General education philosophy
The major goals of Oakland University’s General Education program are to introduce students to a broad base of knowledge and to develop their analytical and evaluative skills, creating a solid foundation for productive and fulfilling lives of leadership, innovation and service. A well-educated person is not a narrow specialist, and the breadth of knowledge acquired through general education cannot be found in any single major. Through its three-part structure of Foundations, Explorations, and Integration, the General Education program complements the major to increase the student’s flexibility and options upon graduation.
- The FOUNDATION areas that all students must master are Writing Foundations and Formal Reasoning. These courses develop skills and understanding that are invaluable for all of the student’s subsequent education.
- The EXPLORATION areas that students must take include: Arts, Foreign Language and Culture, Literature, Global Perspectives, Natural Science and Technology, Social Science and Western Civilization. In addition to fundamental abilities, a well-educated person should also have a critical appreciation of the ways we gain knowledge and an understanding of the universe, of society, and of humankind that these courses develop.
- For the well-educated person, the knowledge and capacities of the various disciplines and majors do not exist in isolation but form an integrated whole.
- The INTEGRATION areas that students must master include: Knowledge Applications and the Capstone. For the well-educated person, the knowledge and capacities of the various disciplines and majors do not exist in isolation but form an integrated whole. The Integration Areas allow students to synthesize their knowledge, to see connections among the various disciplines and to apply their knowledge to real world problems. This integrated knowledge forms the basis for students to continue to learn and grow throughout their lives and prepares them for productive lives of service and leadership.
Oakland University’s General Education program also helps students develop more advanced writing skills, a breadth in understanding diversity issues in the United States, and a continuous education in the range of intellectual capacities that cut across all areas and disciplines.

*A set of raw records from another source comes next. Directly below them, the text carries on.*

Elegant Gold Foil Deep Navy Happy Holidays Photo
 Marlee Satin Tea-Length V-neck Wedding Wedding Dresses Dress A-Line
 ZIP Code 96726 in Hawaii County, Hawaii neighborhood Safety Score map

- Through two WRITING INTENSIVE courses, students gain a depth in both general and discipline-specific writing abilities. Writing Intensive in General Education and Writing Intensive in the Major may be found in courses that also satisfy the Explorations and Integration areas.
- Oakland University is also committed to ensuring that students develop an understanding of the history, strengths and the challenges of the diversity found across the United States. Through U.S. DIVERSITY courses students develop an understanding of the history, strengths, and the challenges of the diversity found across the United States. U.S. diversity courses may also satisfy other areas within the General Education structure.
A sound education also requires capacities that cut across all of these areas, and general education courses are designed to enhance students’ abilities in critical thinking, information literacy, effective communication and social awareness.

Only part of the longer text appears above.